I don't know the definition of a 'satisfactory' or 'proper' puzzle. As I stated earlier, I am only familiar with what is
known as a valid puzzle in that it is solvable and has only one solution.

Regarding my 'traditional solving techniques' , my program uses these techniques so far: (in this order)

Singles: naked
Singles: hidden
Doubles: naked
Doubles: hidden
Triples: naked
Triples: hidden
Quads: naked
Quads: hidden
Locked candidates
X-Wing
XY-Wing
XYZ-Wing
W-Wing
Swordfish
Jellyfish
Squirmbag
Finned Fish (finned X-Wing)
Finned Swordfish
Finned Jellyfish
Skyscraper
2 String Kite
Turbot Fish
X-Loop
Empty Rectangle (or Hinge)
Colors (Conjugate Pair Coloring)
X-Chain
XY-Chain

I don't use uniqueness tests (BUG etc) when testing validity.

My program uses these to prove a puzzles validity (only one solution) quickly in the vast majority of cases. I have an algorithm that uses strictly brute force but it is much slower that the "traditional" techniques listed. Especially when using some of Tarek's killer puzzles. I like the idea of using brute force backwards (9-1 rather than r9c9 to r1c1) and am working on that.

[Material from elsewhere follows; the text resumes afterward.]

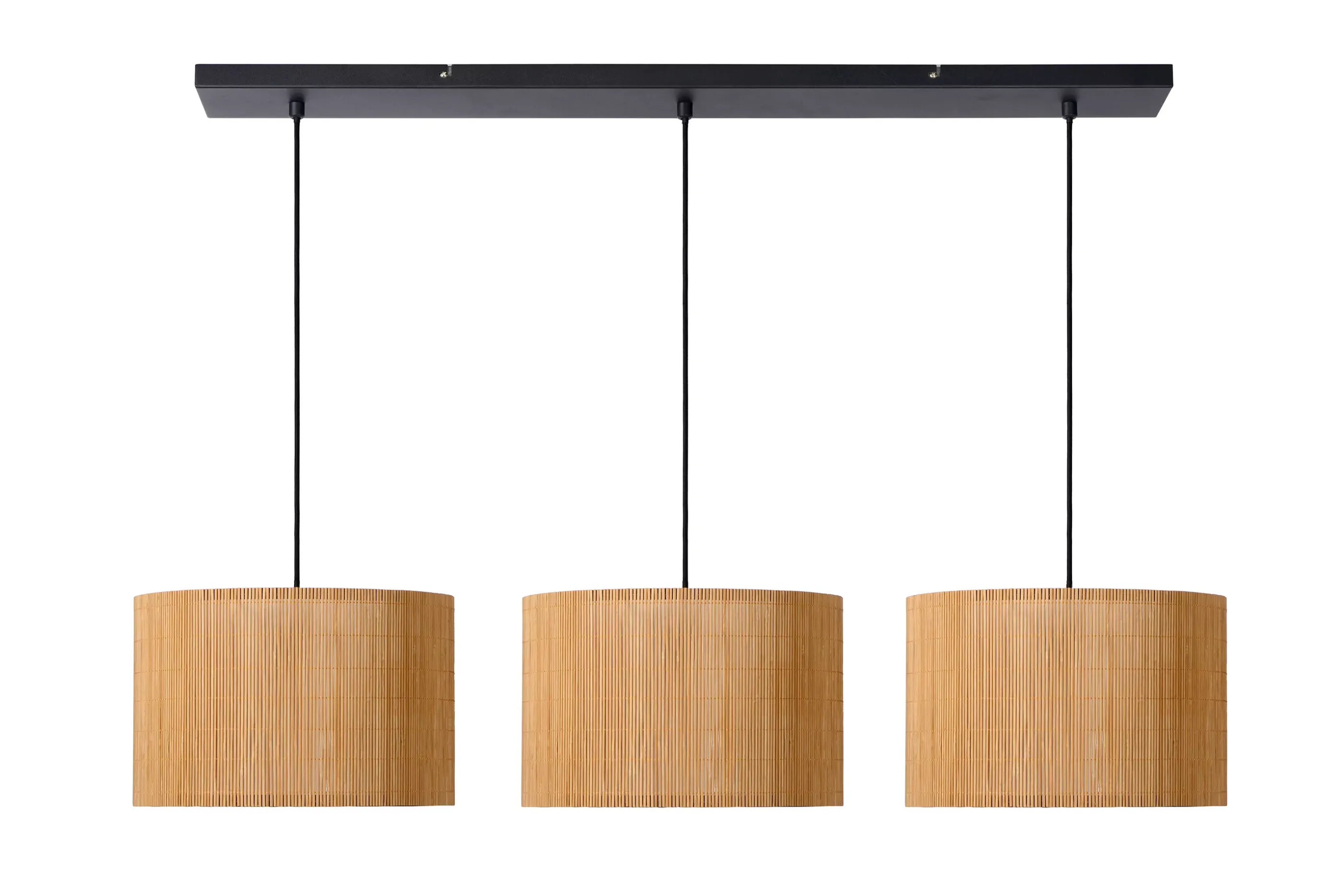 Outlet MAGIUS - Hanglamp - 3xE27 - Naturel Hanglampen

Thanks for the replies. I'm still working on puzzle generation and your feedback is helpful.

[StrmCkr]

Fine. But where is the 'mathematical complexity'? This code, for rows:

Code: Select all

      do row = 1, 9
          if(count(sudoku(row, :) == 0) > count(sum(pm(row, :, :), dim=1 ) /= 0)) then
             zero_solutions = .true.
             exit
          end if
      end do

thanks for that, to be honest i cannot read the syntax for the "code" per-say so I'm not sure how it functions exactly as i don't use C# code
.... my language of choice is free pascal with turbo pascal enabled...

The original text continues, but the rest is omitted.